As more systems and sectors are driven by predictive analytics, there is increasing awareness of the possibility and pitfalls of algorithmic discrimination. In what ways do you think Recommender Systems reinforce human bias? Reflecting on the techniques we have covered, do you think recommender systems reinforce or help to prevent unethical targeting or customer segmentation? Please provide one or more examples to support your arguments.

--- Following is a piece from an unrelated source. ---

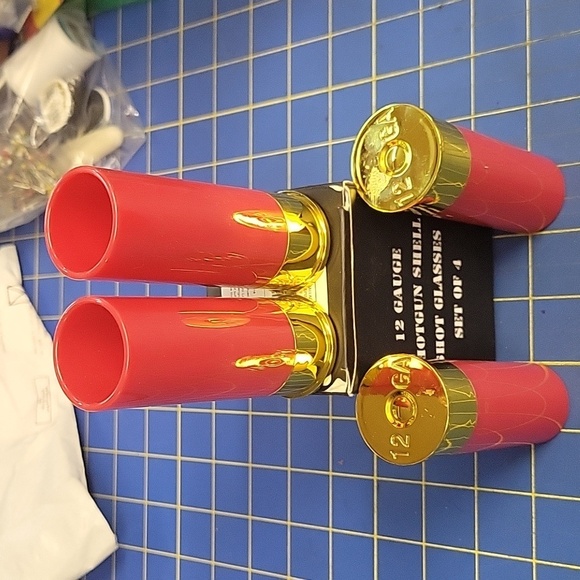 Set of 4 12 Gauge Red & Gold Shotgun Shell Shot Glasses - Picture 2 of 7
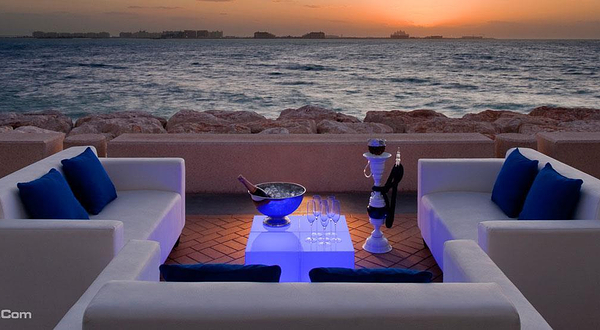 BAB AL YAM 池畔餐厅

As Evan Estola mention in the video, Recommendation Recommendations algorithm can be bias towards certain race or gender. in the video he pointed out algorithms from big companies like Google and Facebook are found guilty of doing this. Nowadays, a recommendation can decide what you be like what you supposed to read, what you supposed to buy and what job to apply. This can be dangerous if certain recommendation system is biased.As consequences it can polarize you to amplified conspiracy theories, fake news, mislead information.
In the video, he mentions it certain solutions to minimize the damage
Ethics.
The recommendation can an impact on what people choose so data scientist needs think about the ethics. Algorithm needs to sensitive before recommendation displayed to users. it needs to involves creating a visible list of “Do Not Amplify” topics in line with the platform’s values.
Control
User need more control to select and deselect recommandtion of topic, ads, etc. User should hold the power to select what they will served.